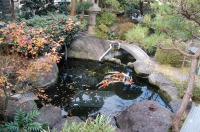 庭池 防水工事,庭池 FRP防水,池 水漏れ修理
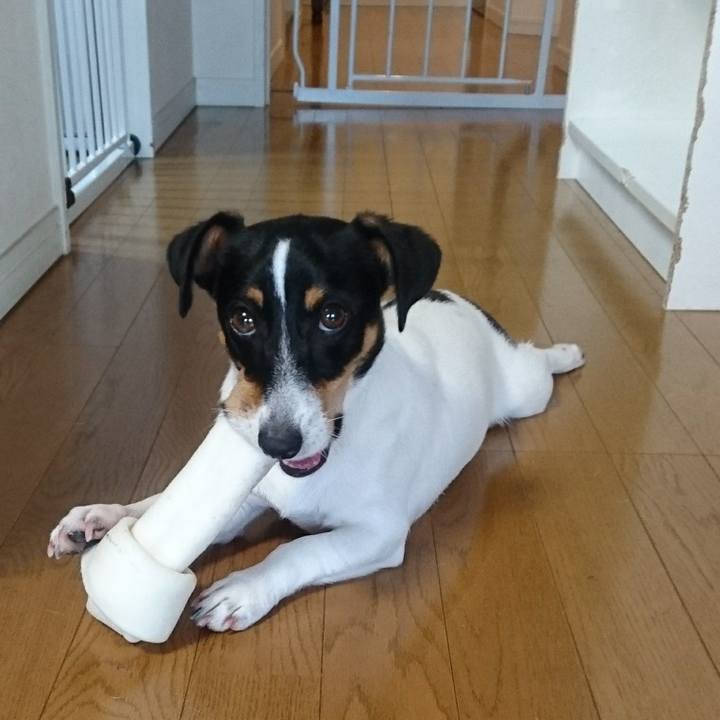 91438f62 355c 42ef b33e 097118dd2467 1533774513243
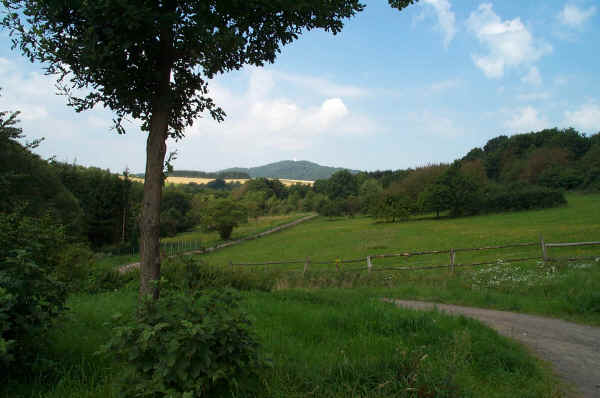 DCP_0758.JPG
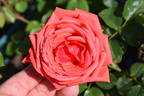 Aztec rose photo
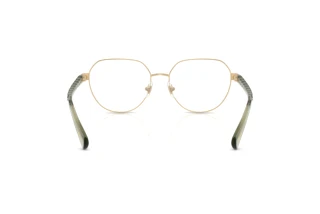 Achteraanzicht Ralph RA6065 (9494)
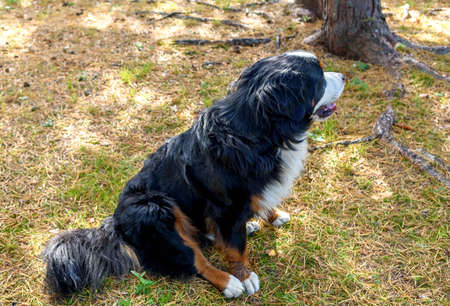 Bernese mountain dog lying on grass during fall day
......
**Aim of the task:** Your reply should be the entries copied exactly, with all images omitted.

**Solution below:**
 庭池 防水工事,庭池 FRP防水,池 水漏れ修理
 91438f62 355c 42ef b33e 097118dd2467 1533774513243
 DCP_0758.JPG
 Aztec rose photo
 Achteraanzicht Ralph RA6065 (9494)
 Bernese mountain dog lying on grass during fall day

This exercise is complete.